When asked what steps the Government is taking to control and manage commodity prices to regularise the standard of living, Gunawardana responded: “The liberalised economy Sri Lanka followed since 1977, while giving us access to global resources, is also doomed to collapse when other economies collapse. The world is facing an economic crisis even worse than the Second World War right now, and we cannot take Sri Lanka as one country and try to address the pricing problem.
“The only solution to overcome this is to build a national economy – this is what President Gotabaya Rajapaksa is trying to achieve through the Saubagya Dakma initiative. Under this policy, we have now stopped importing products that can be homegrown, such as cashews, certain spices, peppers, etc. Others, such as dhal, will have to be imported. We are already taking steps to strengthen these local productions. This is the only thing the Government can do in this situation.”
He further added this is a long-term process that is unavoidable, as we are amidst a global crisis.
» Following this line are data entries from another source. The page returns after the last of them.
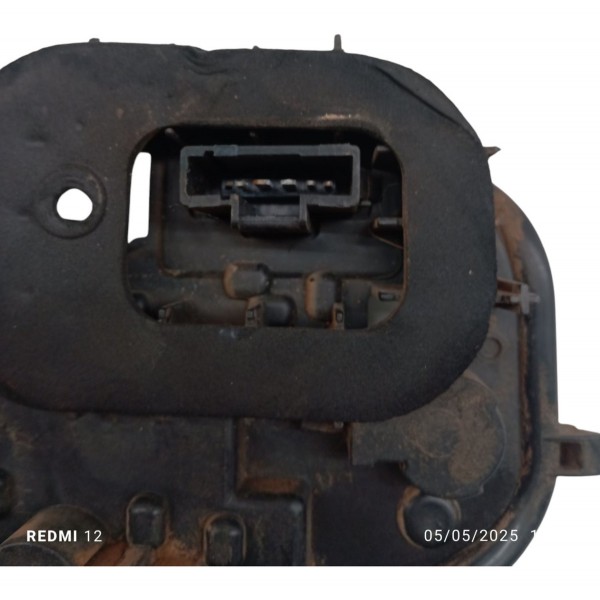 Circuito Lanterna Direita Renault Logan 2014 2015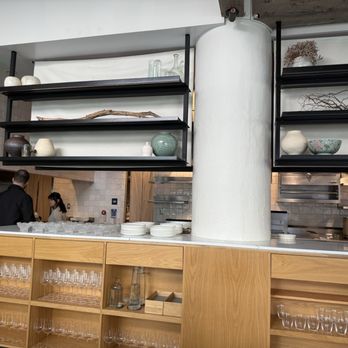 Kato - Interior - Taiwanese Near Me - Los Angeles, California
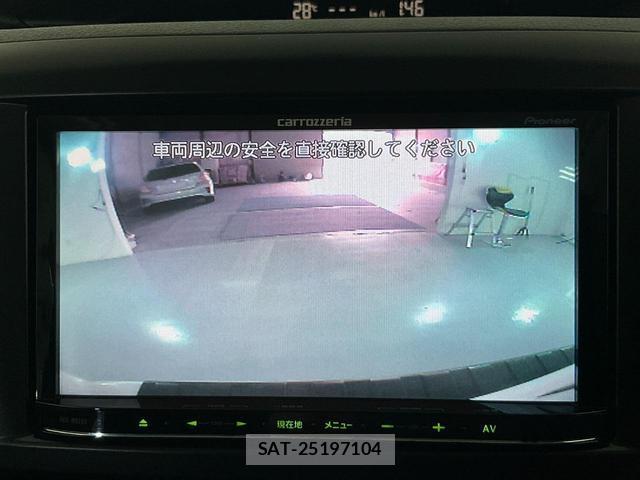 Subaru FORESTER 2011-11 8010585-16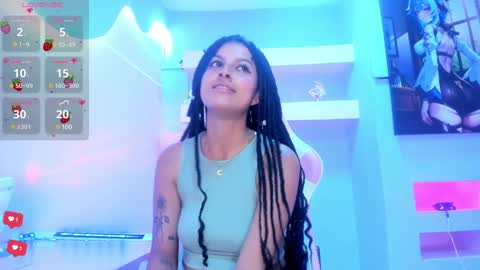 Snapshot of kristinwall chatting on 12-04-24, 09:13 KristinWall online show from 12-04-24, 09:13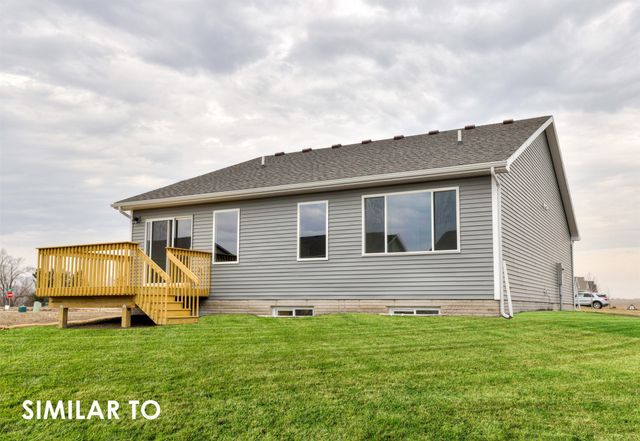 3002 Myron Street, Norwalk, IA 50211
According to the daily price report of the Central Bank of Sri Lanka, there has been a whopping increase in wholesale and retail prices of goods this week. The price of beans in the Dambulla market, which was Rs. 145 on Monday (21), jumped to Rs. 175 the next day, due to low supply from Nuwara Eliya and Mandaramnuwara.
Similarly, the price of carrots, which was Rs. 125 on Monday (21), climbed to Rs. 145 the next day due to low supply from Pussellawa and Bandarawela.
Although the price of coconut decreased from Rs. 79 to Rs. 75 over the same period, due to favourable supply from the Melsiripura and Kurunegala areas, the price of red onions increased to Rs. 380, while the price of fish increased by Rs. 50 daily in the past week.
Consumer Affairs Authority (CAA) Chairman Maj. Gen. Shantha Dissanayake, when asked about steps taken to control the commodity prices, stated that, while the CAA continues to carry out raids on traders violating the stipulated prices of commodities, the CAA has no further information it wishes to share with the media regarding the situation.